Much of the work was carried out by a volunteer group of students at the Observatory; the final plotting of the Atlas, which was entirely hand-drawn, was the work of Bečvář. Positional and magnitude data were taken from a number of existing catalogs, including the Henry Draper catalog, the Aitken New General Catalog of Double Stars, and the Boss General Catalog. About ten photographic atlases were used as well. To plot each of the objects, one of 20 stencil patterns was selected and positioned. It was also necessary to compute the shift in the apparent position of each of the objects to epoch 1950.0. About 3,000 man-hours of work were involved.

==The Catalogue of Atlas==

Immediately after publication of the Atlas Coeli, a supplement was produced called the Atlas Coeli II - Katalog 1950.0. The Catalogue contains data and descriptions of approximately 12000 objects plotted in the Atlas . All stars to magnitude 6.25 are included as well as a large number of the non-stellar objects. Stellar data includes the 1950.0 coordinates with their annual variations; proper motion; apparent magnitude (Revised Harvard Photometric [RHP, or HR] system); absolute magnitude; spectral type (Mt. Wilson scheme); parallax; radial velocity; standard name of star and its constellation; and notes indicating if the star is double or variable.

The Catalogue includes a number of other tables with data on double and multiple stars, galactic and extragalactic nebulae, and radio sources.

===Novel star names===
Paul Kunitzsch found 14 proper names of stars that are first attested in the catalogue, and for which he was unable to find any clues as to their origin. For two more he suggested etymologies, but without antecedents in the literature. These 14 stars are:
- Achird (η Cas),
- Arich (γ Vir),
- Haris (γ Boo),
- Hassaleh (ι Aur),
- Hatysa (ι Ori),
- Heze (ζ Vir),
- Kaffa (δ UMa),
- Kraz (β Crv),
- Ksora (δ Cas),
- Kuma (ν Dra),
- Reda (γ Aql),
- Sarin (δ Her),
- Segin (ε Cas)
- Tyl (ε Dra)
The two that may have explanations are "Segin" (ε Cas), possibly a written variant of "Seginus" (γ Boo), and "Haris", possibly a derivation from ħāris al-shamāl "Guardian of the North", the Arabic name of Bootes or Arcturus. For the others, there is no apparent explanation in Latin, Greek or Arabic. Kunitzsch spent fifteen years trying to trace the origins of these names in earlier sources and by contacting Czechoslovak astronomers who might know of former collaborators of Bečvář's, but without success.

Amateur astronomers German Hans Vehrenberg and English Patrick Moore follow these names.

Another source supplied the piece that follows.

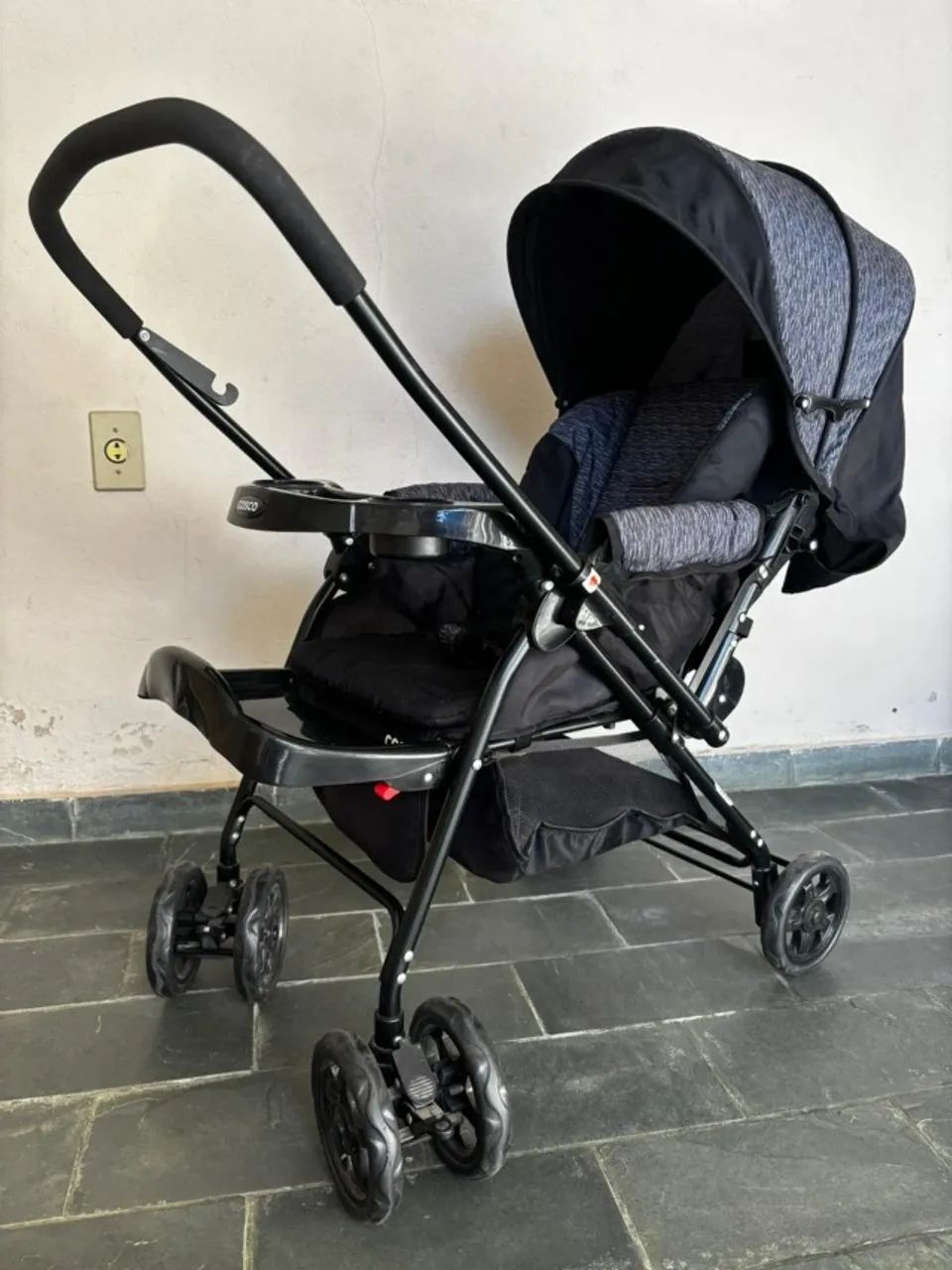 Carrinho de Bebê com Bebê conforto - Foto 2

As of 2026, the IAU has accepted Achird, Hassaleh, Hatysa, Heze, Kraz, Sarin and Segin as official names for those stars. Most of the remaining stars have different names; two (ν Dra & ε Dra) remain without IAU names. Tyl may have been named by Bečvář after Czech writer Josef Kajetán Tyl, so the IAU has not applied it officially as they want to avoid naming stars after people.

==Publication history==
A six-color improved version of the Atlas was published by the Czechoslovak Academy of Sciences in 1956. The copyright to publish the Atlas outside of Czechoslovakia was purchased by Sky Publishing Corporation in 1949. Under this copyright, the Atlas was published in a series of editions, from a luxurious, full-color version to a black-and-white version of size 23 × 15 in. Pursuant to Bečvář's request, royalties were used to purchase special astronomical photographic plates for the Skalnaté Observatory.

Bečvář went on to create a number of other atlases: Atlas Eclipticalis (the celestial region between −30° and +30° declination on 32 maps), Atlas Borealis (the celestial region north of declination +30° on 24 maps), and Atlas Australis (the celestial region south of declination −30° on 24 maps). Stellar clusters and nebulae are not plotted, but a six-color press was used to distinguish six basic spectral classes of stars. These atlases were especially helpful in the early days of position measurements of artificial satellites.